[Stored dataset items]
◇ ◇ ◇ ◇

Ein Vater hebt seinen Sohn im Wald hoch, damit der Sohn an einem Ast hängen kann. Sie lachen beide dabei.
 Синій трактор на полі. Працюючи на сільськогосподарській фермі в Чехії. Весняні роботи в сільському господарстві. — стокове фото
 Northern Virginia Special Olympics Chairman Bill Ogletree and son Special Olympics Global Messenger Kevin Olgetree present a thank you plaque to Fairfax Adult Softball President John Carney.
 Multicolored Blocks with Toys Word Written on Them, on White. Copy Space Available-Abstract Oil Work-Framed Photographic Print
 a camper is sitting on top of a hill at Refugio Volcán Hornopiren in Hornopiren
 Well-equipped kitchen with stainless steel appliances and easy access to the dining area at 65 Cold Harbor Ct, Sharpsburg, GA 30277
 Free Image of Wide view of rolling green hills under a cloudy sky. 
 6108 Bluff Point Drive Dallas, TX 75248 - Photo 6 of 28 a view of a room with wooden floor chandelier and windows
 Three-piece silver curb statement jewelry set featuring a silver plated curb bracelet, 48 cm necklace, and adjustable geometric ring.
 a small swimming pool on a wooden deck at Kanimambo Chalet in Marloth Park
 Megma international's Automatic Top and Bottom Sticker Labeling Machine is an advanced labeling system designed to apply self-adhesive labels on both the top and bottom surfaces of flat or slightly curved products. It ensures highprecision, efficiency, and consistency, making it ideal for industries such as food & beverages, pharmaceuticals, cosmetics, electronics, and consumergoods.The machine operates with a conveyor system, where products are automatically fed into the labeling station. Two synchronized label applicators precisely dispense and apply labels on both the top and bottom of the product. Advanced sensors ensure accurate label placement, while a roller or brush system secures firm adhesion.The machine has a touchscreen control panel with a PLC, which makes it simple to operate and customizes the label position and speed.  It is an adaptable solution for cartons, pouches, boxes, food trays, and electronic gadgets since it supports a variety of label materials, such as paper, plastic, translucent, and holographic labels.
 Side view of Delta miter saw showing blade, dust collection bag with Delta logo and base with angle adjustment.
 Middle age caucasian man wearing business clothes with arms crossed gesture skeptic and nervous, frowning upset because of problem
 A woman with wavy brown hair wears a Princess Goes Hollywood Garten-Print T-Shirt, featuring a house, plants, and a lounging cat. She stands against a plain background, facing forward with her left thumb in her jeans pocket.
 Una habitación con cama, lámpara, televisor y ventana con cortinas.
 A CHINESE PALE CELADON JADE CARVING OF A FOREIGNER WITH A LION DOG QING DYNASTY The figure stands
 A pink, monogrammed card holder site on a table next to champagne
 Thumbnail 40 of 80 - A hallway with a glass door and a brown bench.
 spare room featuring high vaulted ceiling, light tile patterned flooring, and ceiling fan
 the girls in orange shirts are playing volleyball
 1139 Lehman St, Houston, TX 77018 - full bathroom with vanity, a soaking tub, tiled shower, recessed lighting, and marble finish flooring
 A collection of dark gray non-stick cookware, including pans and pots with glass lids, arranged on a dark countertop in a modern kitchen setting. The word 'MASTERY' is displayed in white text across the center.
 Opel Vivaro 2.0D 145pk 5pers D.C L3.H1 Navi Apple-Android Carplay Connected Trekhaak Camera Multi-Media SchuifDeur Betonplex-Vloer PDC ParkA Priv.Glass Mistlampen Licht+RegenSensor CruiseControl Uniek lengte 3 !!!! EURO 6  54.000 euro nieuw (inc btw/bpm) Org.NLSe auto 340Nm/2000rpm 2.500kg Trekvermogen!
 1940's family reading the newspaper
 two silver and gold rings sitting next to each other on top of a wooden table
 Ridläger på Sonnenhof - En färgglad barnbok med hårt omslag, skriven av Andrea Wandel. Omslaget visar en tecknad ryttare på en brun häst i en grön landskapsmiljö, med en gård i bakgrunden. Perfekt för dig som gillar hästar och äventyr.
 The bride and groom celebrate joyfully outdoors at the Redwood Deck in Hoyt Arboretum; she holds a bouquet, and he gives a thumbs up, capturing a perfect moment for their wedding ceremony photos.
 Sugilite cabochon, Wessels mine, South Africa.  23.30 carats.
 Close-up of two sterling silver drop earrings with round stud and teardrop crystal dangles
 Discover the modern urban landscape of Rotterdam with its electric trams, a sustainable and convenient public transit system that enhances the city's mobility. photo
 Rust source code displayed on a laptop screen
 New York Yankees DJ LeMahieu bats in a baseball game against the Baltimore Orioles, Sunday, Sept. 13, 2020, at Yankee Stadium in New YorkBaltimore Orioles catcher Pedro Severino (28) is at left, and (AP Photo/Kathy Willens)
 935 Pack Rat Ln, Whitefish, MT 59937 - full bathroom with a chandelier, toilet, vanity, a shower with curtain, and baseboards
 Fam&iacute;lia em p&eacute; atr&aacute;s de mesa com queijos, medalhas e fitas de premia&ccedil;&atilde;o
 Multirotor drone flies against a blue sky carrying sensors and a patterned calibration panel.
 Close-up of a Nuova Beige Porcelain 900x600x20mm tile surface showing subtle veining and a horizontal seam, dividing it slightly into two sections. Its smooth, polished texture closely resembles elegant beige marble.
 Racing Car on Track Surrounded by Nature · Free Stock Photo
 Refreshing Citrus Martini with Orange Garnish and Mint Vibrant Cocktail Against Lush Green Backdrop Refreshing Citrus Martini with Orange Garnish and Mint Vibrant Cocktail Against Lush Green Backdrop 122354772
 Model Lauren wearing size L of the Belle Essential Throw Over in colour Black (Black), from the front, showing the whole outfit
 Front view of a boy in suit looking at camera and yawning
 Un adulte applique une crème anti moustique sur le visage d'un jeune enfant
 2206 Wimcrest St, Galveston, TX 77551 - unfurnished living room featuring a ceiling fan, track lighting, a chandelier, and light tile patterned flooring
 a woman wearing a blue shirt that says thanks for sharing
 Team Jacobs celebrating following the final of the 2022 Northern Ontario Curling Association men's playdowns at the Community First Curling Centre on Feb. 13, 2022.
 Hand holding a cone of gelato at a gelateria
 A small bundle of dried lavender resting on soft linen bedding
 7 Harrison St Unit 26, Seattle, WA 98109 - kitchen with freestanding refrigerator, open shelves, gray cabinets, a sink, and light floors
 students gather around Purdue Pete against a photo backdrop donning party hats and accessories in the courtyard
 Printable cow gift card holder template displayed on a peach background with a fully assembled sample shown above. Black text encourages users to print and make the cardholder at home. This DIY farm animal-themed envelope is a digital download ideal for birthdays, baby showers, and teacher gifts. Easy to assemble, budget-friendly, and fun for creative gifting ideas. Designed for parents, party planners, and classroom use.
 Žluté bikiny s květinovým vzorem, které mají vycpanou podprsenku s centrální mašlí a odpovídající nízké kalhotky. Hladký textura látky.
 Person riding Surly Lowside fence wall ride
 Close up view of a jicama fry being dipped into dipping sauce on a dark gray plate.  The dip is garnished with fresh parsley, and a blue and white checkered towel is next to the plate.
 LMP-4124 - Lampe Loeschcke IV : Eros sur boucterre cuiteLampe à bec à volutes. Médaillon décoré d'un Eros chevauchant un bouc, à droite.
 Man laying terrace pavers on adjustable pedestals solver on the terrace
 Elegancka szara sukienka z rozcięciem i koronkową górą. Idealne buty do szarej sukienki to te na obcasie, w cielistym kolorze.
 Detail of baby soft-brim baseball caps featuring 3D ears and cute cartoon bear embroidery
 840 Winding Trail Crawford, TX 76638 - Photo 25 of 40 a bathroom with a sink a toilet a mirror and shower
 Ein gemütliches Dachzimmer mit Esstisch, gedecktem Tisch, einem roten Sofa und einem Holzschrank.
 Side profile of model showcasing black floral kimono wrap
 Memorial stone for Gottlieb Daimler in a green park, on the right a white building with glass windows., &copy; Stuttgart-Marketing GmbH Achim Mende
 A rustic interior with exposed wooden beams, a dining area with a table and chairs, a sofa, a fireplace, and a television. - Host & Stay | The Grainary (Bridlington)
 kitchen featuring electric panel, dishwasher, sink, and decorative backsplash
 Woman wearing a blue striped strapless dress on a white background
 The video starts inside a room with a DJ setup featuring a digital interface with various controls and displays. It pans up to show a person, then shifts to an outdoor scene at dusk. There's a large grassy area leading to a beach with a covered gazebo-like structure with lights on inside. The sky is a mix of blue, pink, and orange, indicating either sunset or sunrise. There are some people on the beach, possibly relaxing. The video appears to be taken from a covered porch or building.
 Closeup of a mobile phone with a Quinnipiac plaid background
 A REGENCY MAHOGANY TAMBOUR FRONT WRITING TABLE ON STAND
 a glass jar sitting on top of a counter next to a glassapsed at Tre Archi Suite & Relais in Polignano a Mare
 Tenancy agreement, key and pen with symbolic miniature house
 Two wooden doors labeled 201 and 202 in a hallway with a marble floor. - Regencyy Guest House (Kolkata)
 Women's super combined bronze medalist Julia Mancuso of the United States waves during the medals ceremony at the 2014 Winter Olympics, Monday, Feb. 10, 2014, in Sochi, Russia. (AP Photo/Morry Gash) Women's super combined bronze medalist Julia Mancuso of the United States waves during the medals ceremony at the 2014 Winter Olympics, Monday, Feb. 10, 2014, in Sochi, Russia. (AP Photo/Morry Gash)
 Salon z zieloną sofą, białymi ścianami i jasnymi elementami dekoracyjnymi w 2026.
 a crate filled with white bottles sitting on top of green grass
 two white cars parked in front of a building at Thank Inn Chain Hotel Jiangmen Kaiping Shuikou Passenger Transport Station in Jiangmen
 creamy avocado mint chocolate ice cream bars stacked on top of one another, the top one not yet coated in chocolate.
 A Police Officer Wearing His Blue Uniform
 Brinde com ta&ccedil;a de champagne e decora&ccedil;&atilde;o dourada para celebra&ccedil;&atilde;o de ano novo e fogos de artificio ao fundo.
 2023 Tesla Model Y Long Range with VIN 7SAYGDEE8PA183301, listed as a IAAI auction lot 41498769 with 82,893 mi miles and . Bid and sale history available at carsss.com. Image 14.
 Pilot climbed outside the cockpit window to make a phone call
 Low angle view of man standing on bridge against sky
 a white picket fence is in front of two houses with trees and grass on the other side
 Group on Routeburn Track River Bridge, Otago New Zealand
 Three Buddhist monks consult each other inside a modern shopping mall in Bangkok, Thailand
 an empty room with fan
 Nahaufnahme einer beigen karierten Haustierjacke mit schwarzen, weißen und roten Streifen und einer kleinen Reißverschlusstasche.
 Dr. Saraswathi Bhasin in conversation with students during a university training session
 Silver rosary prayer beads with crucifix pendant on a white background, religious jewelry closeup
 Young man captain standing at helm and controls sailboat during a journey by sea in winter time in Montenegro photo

◇ ◇ ◇ ◇

■ PROBLEM TO SOLVE ■
Please write out, exactly as they appear above, only the lines in the stretch from the line with "1940's family reading the newspaper" through the line with "Close-up of two".

■ EXPECTED ANSWER ■
 1940's family reading the newspaper
 two silver and gold rings sitting next to each other on top of a wooden table
 Ridläger på Sonnenhof - En färgglad barnbok med hårt omslag, skriven av Andrea Wandel. Omslaget visar en tecknad ryttare på en brun häst i en grön landskapsmiljö, med en gård i bakgrunden. Perfekt för dig som gillar hästar och äventyr.
 The bride and groom celebrate joyfully outdoors at the Redwood Deck in Hoyt Arboretum; she holds a bouquet, and he gives a thumbs up, capturing a perfect moment for their wedding ceremony photos.
 Sugilite cabochon, Wessels mine, South Africa.  23.30 carats.
 Close-up of two sterling silver drop earrings with round stud and teardrop crystal dangles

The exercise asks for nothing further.